▶ **ABOUT THIS TASK**
Return, exactly and with nothing added, the line with "cat mascot costume" together with all lines after it through the end of the data below. No pictures belong in the copy.

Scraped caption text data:
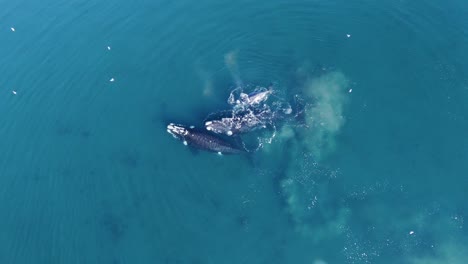 Südliche-Glattwale,-Die-Im-Patagonischen-Meer-Planschen---Zeitlupe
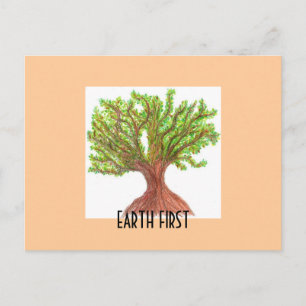 Cartão Postal Terra Primeiro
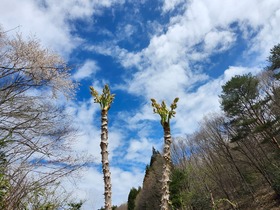 20250424_095040.jpg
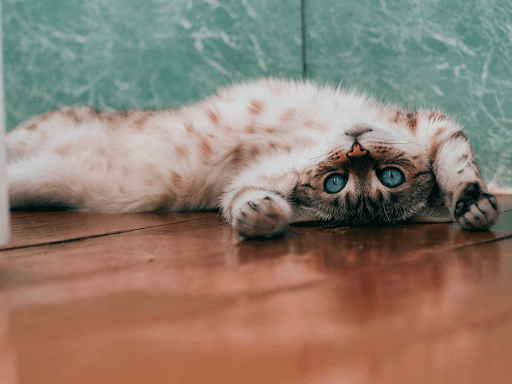Image Source As a conscientious cat owner, it’s crucial to ensure that your pet is taken care of at all times. Part of it is ensuring that your babies are leading a peaceful and comfortable existence. But aside from this, there are a few other things to c
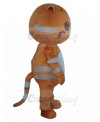 cat mascot costume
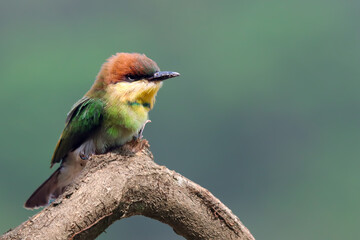 Chestnut headed bee eateron tree, Chestnut headed bee eater on top tree, Chestnut headed bee eater closeup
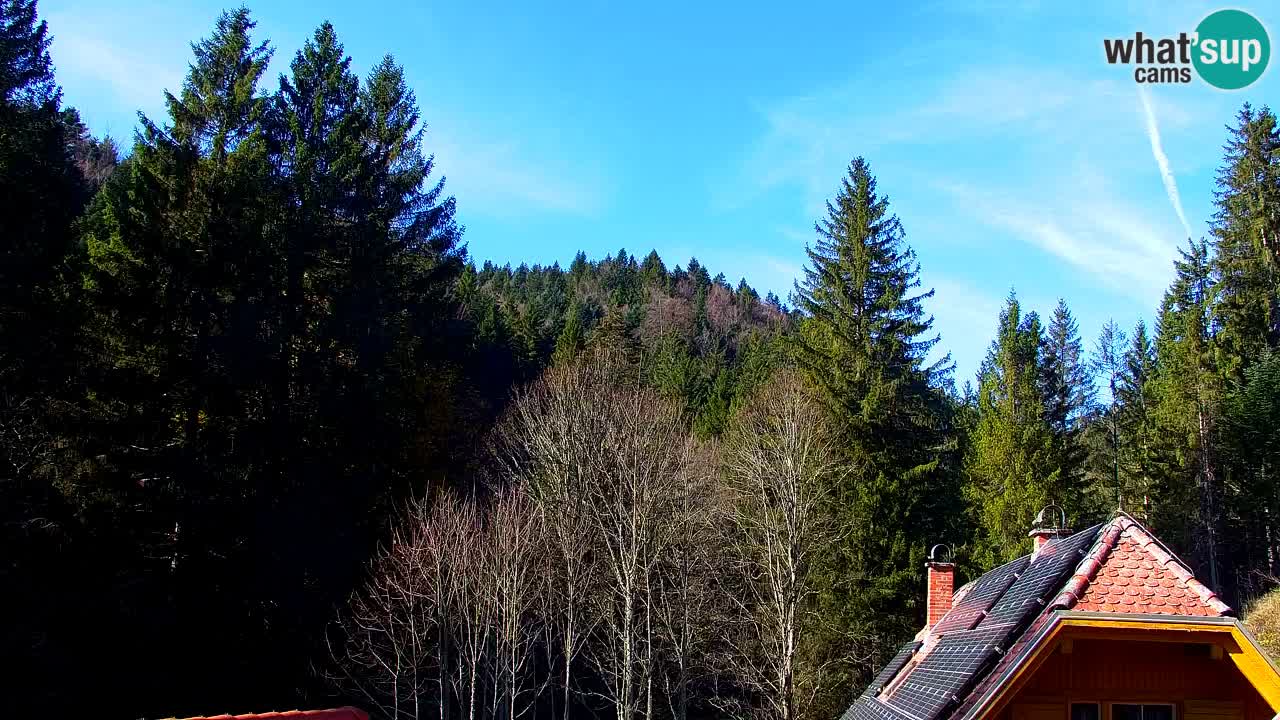 Webcam Lukanja – Water Village | Pohorje Houses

▶ **YOUR RESPONSE**
 cat mascot costume
 Chestnut headed bee eateron tree, Chestnut headed bee eater on top tree, Chestnut headed bee eater closeup
 Webcam Lukanja – Water Village | Pohorje Houses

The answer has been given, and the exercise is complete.